TRY IT | From the entries below, return exactly the lines beginning at the one that contains "NIPPNOH'MY MICROWAVE PASTA" and ending at the one that contains "Front Cover for", both of them included, and only those lines.
^^^^
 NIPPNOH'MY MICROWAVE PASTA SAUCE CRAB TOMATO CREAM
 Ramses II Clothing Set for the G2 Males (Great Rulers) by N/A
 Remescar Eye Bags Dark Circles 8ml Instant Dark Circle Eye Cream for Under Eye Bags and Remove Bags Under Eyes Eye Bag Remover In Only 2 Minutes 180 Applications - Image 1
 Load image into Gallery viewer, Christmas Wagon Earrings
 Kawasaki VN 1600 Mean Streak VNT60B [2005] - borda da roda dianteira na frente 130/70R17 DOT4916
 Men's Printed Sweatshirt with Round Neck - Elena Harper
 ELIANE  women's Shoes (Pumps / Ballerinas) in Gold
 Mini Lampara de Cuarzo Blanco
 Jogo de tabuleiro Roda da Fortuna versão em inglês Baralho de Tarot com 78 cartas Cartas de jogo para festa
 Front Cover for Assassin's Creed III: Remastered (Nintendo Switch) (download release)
^^^^
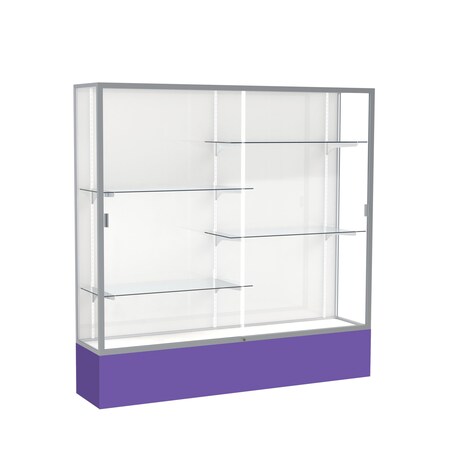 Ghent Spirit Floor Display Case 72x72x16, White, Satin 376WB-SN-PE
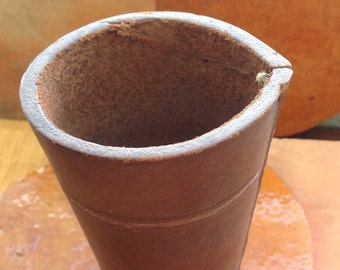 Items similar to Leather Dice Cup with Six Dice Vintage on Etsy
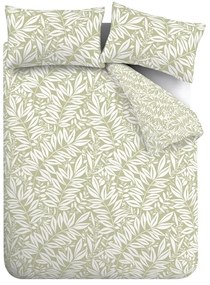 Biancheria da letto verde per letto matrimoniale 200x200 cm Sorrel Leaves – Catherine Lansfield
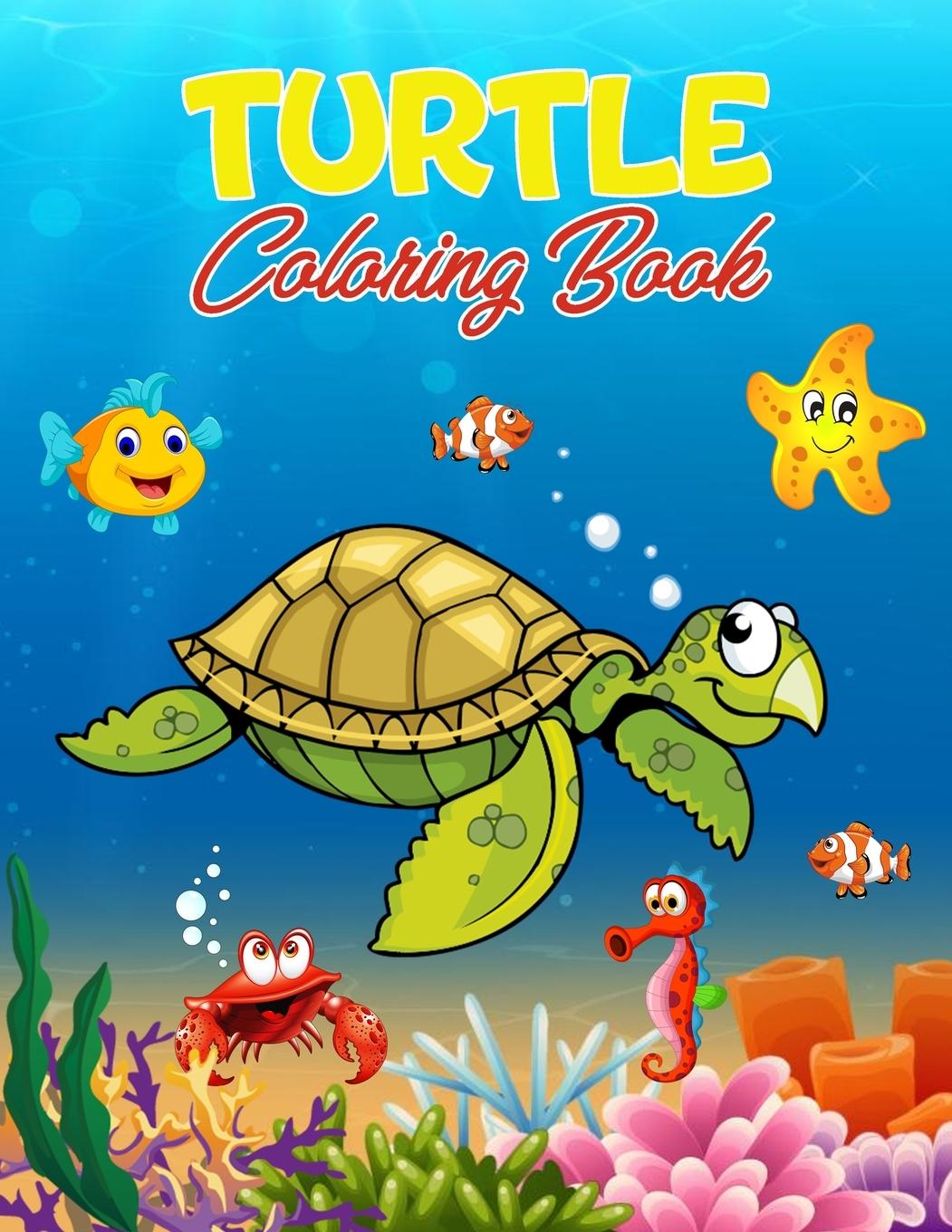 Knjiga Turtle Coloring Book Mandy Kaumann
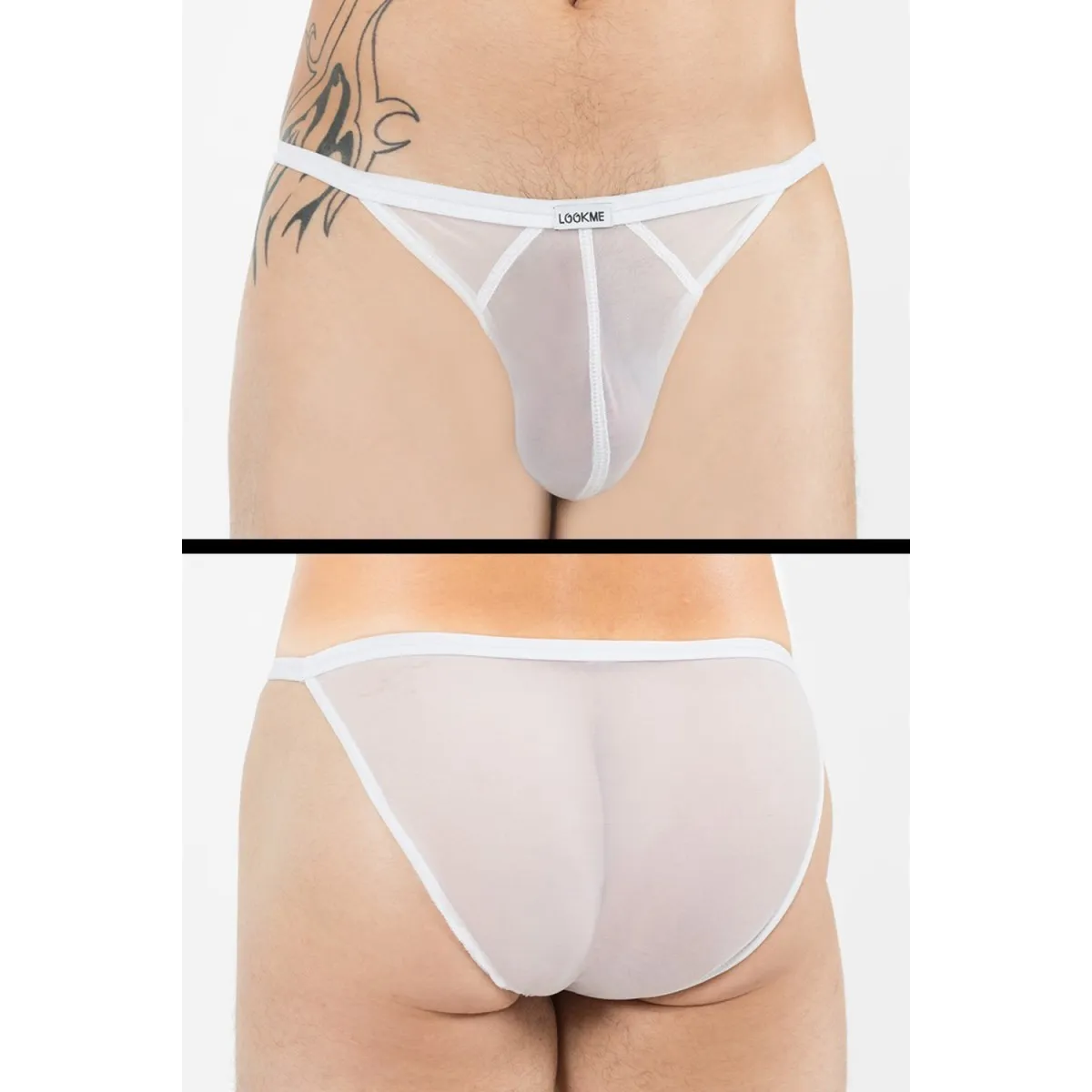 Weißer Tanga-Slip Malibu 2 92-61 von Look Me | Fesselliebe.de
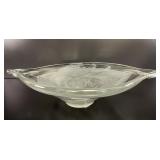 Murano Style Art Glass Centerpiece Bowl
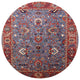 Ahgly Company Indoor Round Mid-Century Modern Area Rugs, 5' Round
^^^^
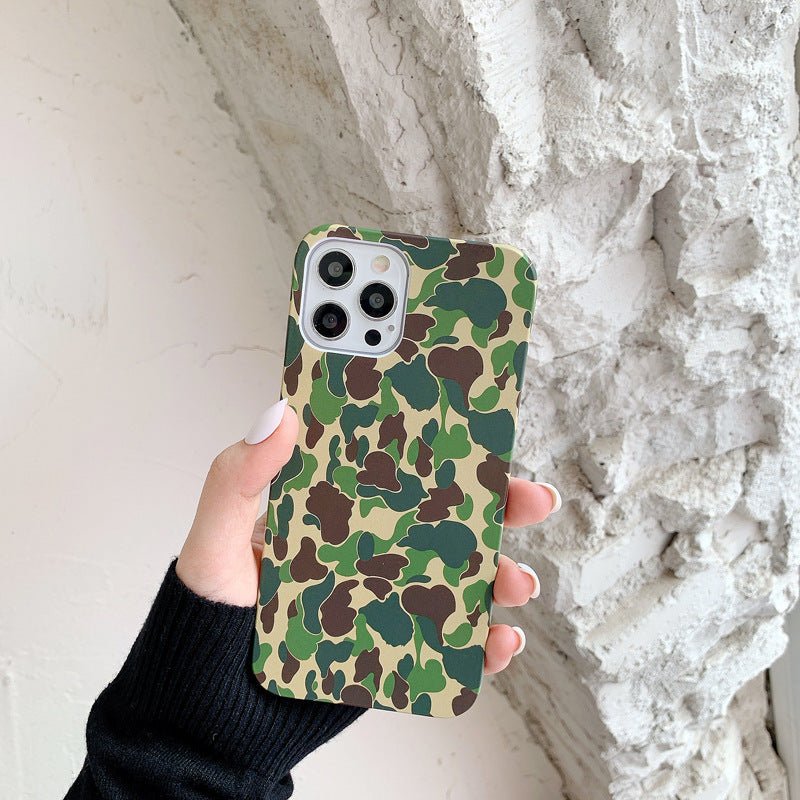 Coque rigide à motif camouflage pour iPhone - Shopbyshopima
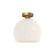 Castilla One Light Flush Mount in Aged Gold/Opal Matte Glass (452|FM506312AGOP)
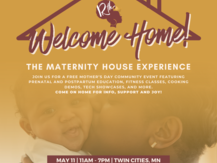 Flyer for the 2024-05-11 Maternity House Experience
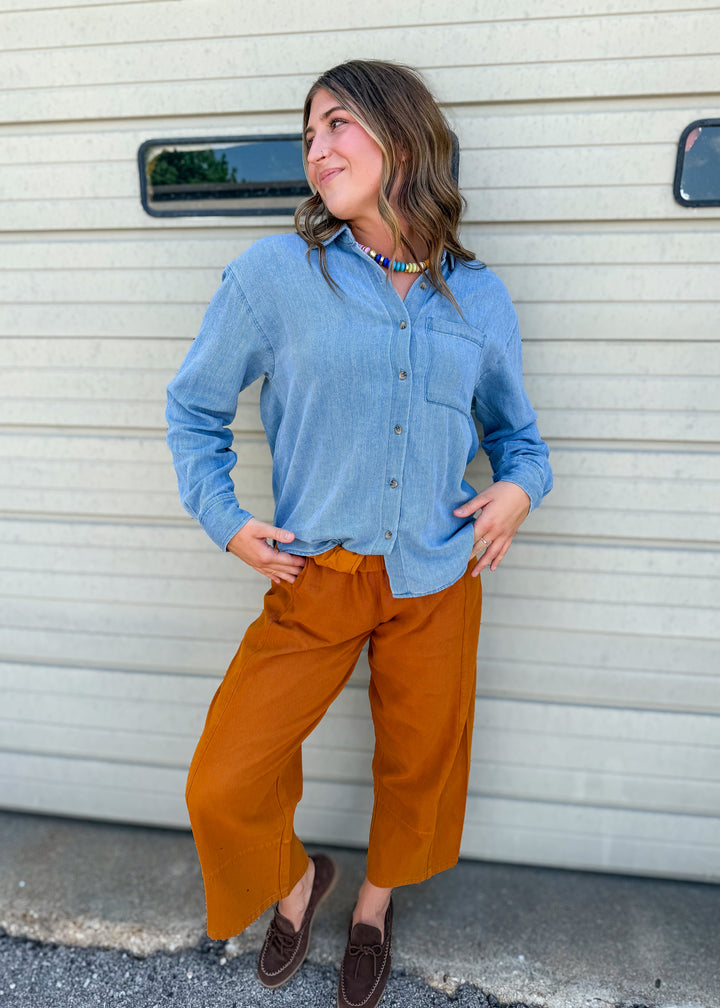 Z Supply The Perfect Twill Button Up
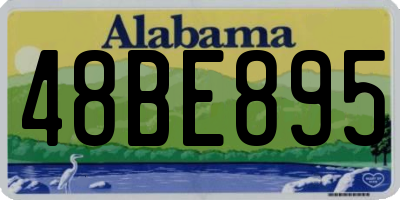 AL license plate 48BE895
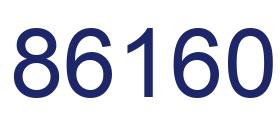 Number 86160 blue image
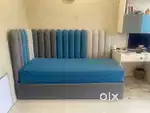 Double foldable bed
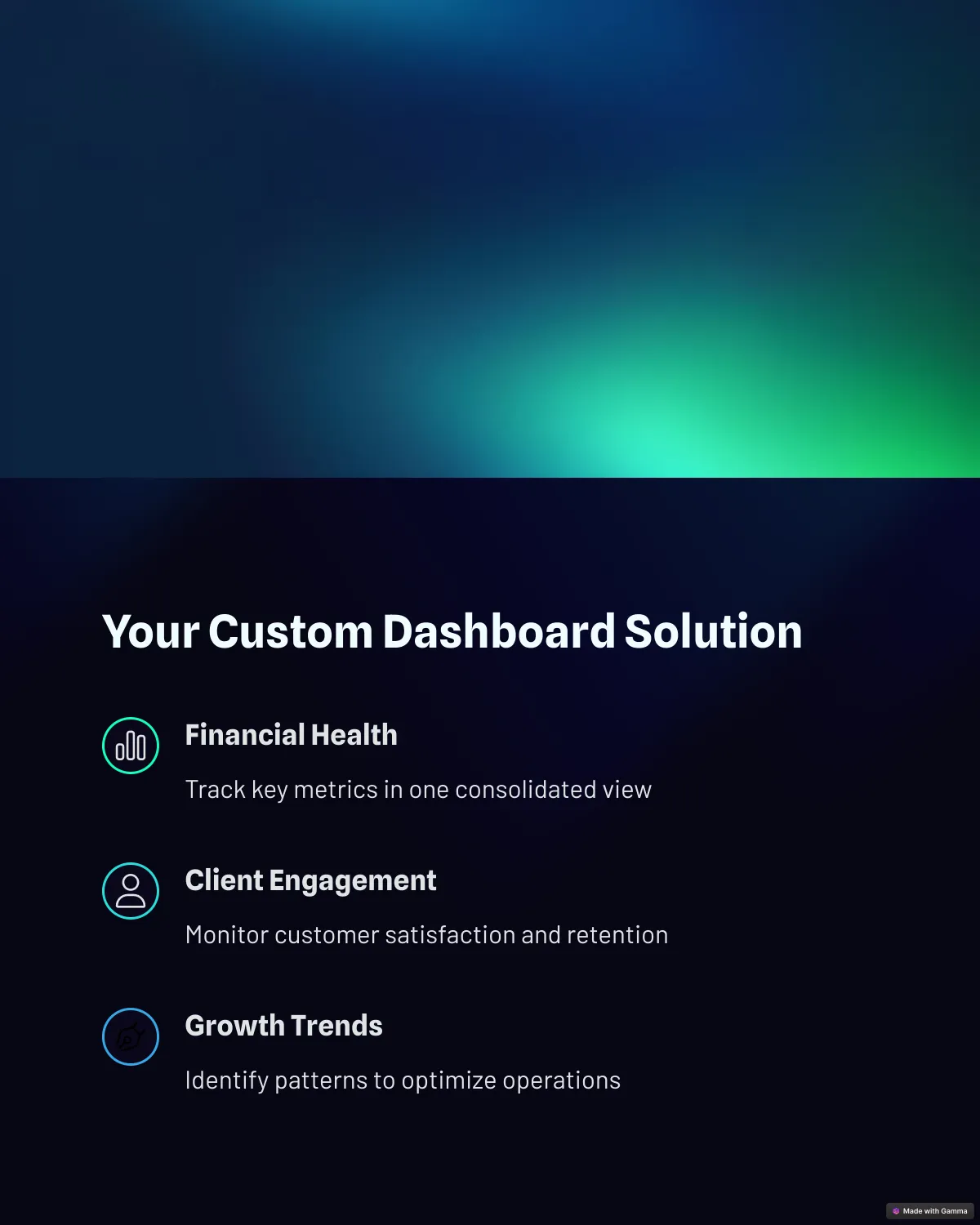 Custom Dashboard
^^^^
SOLUTION |
 NIPPNOH'MY MICROWAVE PASTA SAUCE CRAB TOMATO CREAM
 Ramses II Clothing Set for the G2 Males (Great Rulers) by N/A
 Remescar Eye Bags Dark Circles 8ml Instant Dark Circle Eye Cream for Under Eye Bags and Remove Bags Under Eyes Eye Bag Remover In Only 2 Minutes 180 Applications - Image 1
 Load image into Gallery viewer, Christmas Wagon Earrings
 Kawasaki VN 1600 Mean Streak VNT60B [2005] - borda da roda dianteira na frente 130/70R17 DOT4916
 Men's Printed Sweatshirt with Round Neck - Elena Harper
 ELIANE  women's Shoes (Pumps / Ballerinas) in Gold
 Mini Lampara de Cuarzo Blanco
 Jogo de tabuleiro Roda da Fortuna versão em inglês Baralho de Tarot com 78 cartas Cartas de jogo para festa
 Front Cover for Assassin's Creed III: Remastered (Nintendo Switch) (download release)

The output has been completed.